■ Task requirements: Set down the data below in full, exactly as it reads, but without the pictures.
Data block section start
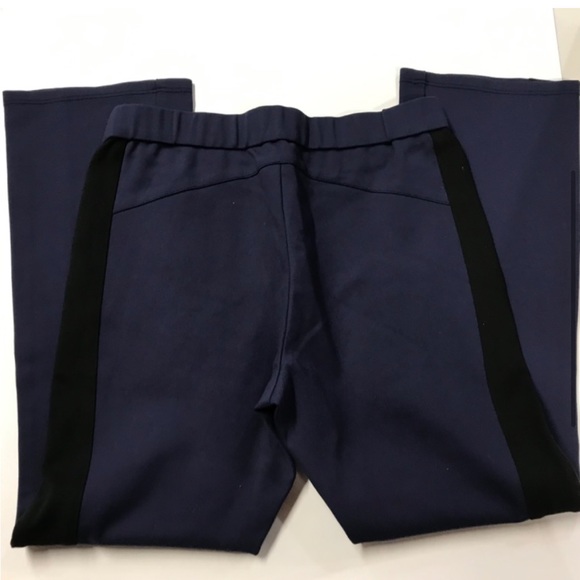 Tory Burch Sport  Navy Track Ankle Pants with Black Stripe Preloved  Med. 25 ins - Picture 3 of 9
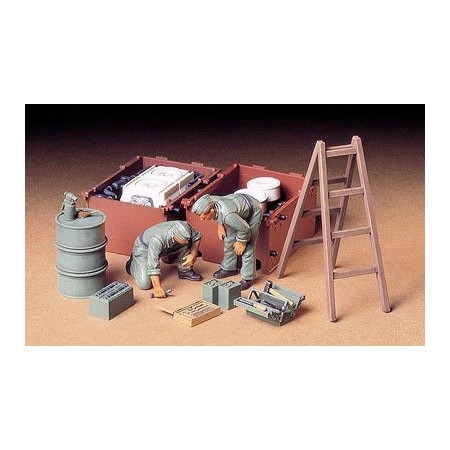 Tamiya 35180 Set Meccanici Tedeschi 1/35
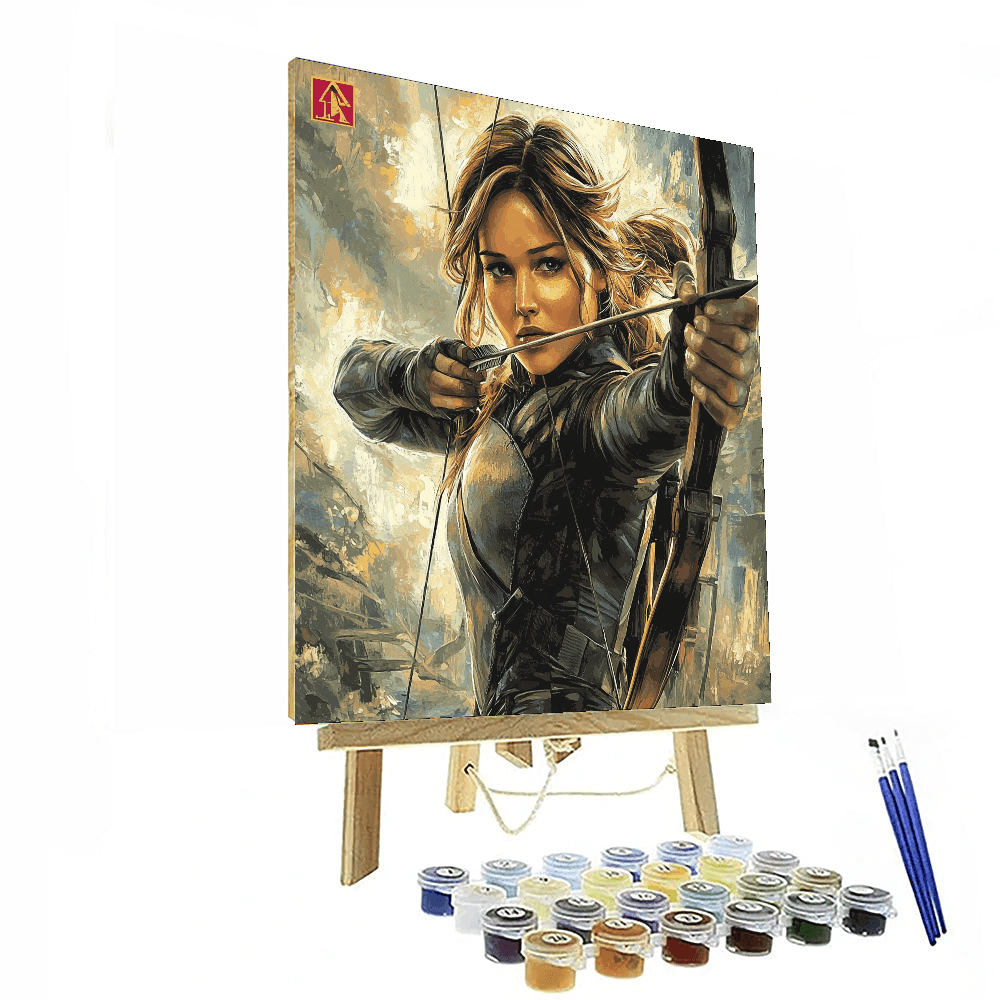 Jennifer Lawrence: The Spark Of A La La Land Dream Paint By Number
Data block section end
■ Response box:
 Tory Burch Sport  Navy Track Ankle Pants with Black Stripe Preloved  Med. 25 ins - Picture 3 of 9
 Tamiya 35180 Set Meccanici Tedeschi 1/35
 Jennifer Lawrence: The Spark Of A La La Land Dream Paint By Number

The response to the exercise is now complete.